(Task to carry out) With the images removed, repeat the data below exactly.

(Data below)

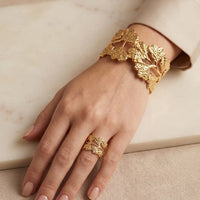 Gold plated textured ginkgo leaf open cuff bangle kara and matching ring set by Trivo Essentials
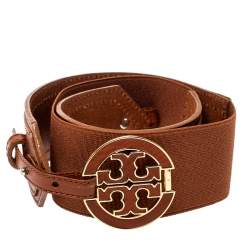 Pre Owned Tory Burch Brown Leather And Elastic Band Waist Belt L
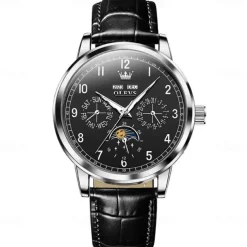 OLEVS Men Mechanical Watch Fashion Business Wristwatch Automatic Self-winding Moon phase Luminous Perpetual Calendar Leather Watch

(Task output)
 Gold plated textured ginkgo leaf open cuff bangle kara and matching ring set by Trivo Essentials
 Pre Owned Tory Burch Brown Leather And Elastic Band Waist Belt L
 OLEVS Men Mechanical Watch Fashion Business Wristwatch Automatic Self-winding Moon phase Luminous Perpetual Calendar Leather Watch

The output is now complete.